Merry Christmas , and please count me in.


----------



## smokin peachey (Dec 22, 2019)

Thanks. Who won?


----------



## udaman (Dec 22, 2019)

they been a great sponsor give them some time ,, lol


----------



## Inkbirdbbq (Dec 22, 2019)

smokin peachey said:


> Thanks. Who won?


Will announce the winners today


----------



## DanMcG (Dec 23, 2019)

smokin peachey said:


> Thanks. Who won?


Looks like not us. lol


----------



## Inkbirdbbq (Dec 23, 2019)

DanMcG said:


> Looks like not us. lol


Good luck next time!


----------



## MJB05615 (Dec 23, 2019)

Inkbirdbbq said:


> Hi Giveaway for Inkbird WiFi ITC-308 Temperature Controller has ended.
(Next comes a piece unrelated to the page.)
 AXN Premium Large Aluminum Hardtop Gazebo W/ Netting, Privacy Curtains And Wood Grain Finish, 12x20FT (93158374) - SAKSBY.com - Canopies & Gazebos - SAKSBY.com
Thanks for friends who entered!! Winners are
> 
> MJB05615
> and
> ...


WOW! I WON!  HOW DO I CLAIM THE GIFT?  THANK YOU VERY MUCH, I AM VERY EXCITED.  THIS IS AN EXCELLENT CHRISTMAS GIFT.


----------



## Steve H (Dec 23, 2019)

Congrats to the winners!


----------



## smokerjim (Dec 23, 2019)

great gift, congrats to the winners


----------



## pushok2018 (Dec 23, 2019)

Congrats to winners! Nice gift for Christmas!!!


----------



## Inkbirdbbq (Dec 24, 2019)

Congrats!! 

 MJB05615
  and  

 buffalobbqpete
   Please PM me your mailing info,thanks.


----------